-- Directions for this task --
Each record below must be written out exactly as given.

[Short web captions]
● ● ●
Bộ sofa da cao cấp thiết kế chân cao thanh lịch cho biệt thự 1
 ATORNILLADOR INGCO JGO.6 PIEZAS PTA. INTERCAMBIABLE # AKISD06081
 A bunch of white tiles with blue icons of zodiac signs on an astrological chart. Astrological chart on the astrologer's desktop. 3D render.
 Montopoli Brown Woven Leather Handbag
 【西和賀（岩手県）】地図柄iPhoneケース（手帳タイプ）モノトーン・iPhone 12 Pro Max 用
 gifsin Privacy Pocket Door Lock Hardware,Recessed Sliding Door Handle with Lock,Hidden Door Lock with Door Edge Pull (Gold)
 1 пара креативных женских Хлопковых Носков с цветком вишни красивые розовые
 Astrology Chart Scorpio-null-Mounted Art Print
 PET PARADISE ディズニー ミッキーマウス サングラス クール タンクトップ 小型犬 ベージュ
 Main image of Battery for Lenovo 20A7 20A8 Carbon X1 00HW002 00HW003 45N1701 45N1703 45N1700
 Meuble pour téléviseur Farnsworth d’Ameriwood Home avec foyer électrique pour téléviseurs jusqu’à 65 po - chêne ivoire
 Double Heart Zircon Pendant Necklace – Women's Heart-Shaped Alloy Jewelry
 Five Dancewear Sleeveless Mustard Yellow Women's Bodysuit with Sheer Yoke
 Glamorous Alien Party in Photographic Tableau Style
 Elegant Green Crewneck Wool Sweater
● ● ●
-- Your solution --
Bộ sofa da cao cấp thiết kế chân cao thanh lịch cho biệt thự 1
 ATORNILLADOR INGCO JGO.6 PIEZAS PTA. INTERCAMBIABLE # AKISD06081
 A bunch of white tiles with blue icons of zodiac signs on an astrological chart. Astrological chart on the astrologer's desktop. 3D render.
 Montopoli Brown Woven Leather Handbag
 【西和賀（岩手県）】地図柄iPhoneケース（手帳タイプ）モノトーン・iPhone 12 Pro Max 用
 gifsin Privacy Pocket Door Lock Hardware,Recessed Sliding Door Handle with Lock,Hidden Door Lock with Door Edge Pull (Gold)
 1 пара креативных женских Хлопковых Носков с цветком вишни красивые розовые
 Astrology Chart Scorpio-null-Mounted Art Print
 PET PARADISE ディズニー ミッキーマウス サングラス クール タンクトップ 小型犬 ベージュ
 Main image of Battery for Lenovo 20A7 20A8 Carbon X1 00HW002 00HW003 45N1701 45N1703 45N1700
 Meuble pour téléviseur Farnsworth d’Ameriwood Home avec foyer électrique pour téléviseurs jusqu’à 65 po - chêne ivoire
 Double Heart Zircon Pendant Necklace – Women's Heart-Shaped Alloy Jewelry
 Five Dancewear Sleeveless Mustard Yellow Women's Bodysuit with Sheer Yoke
 Glamorous Alien Party in Photographic Tableau Style
 Elegant Green Crewneck Wool Sweater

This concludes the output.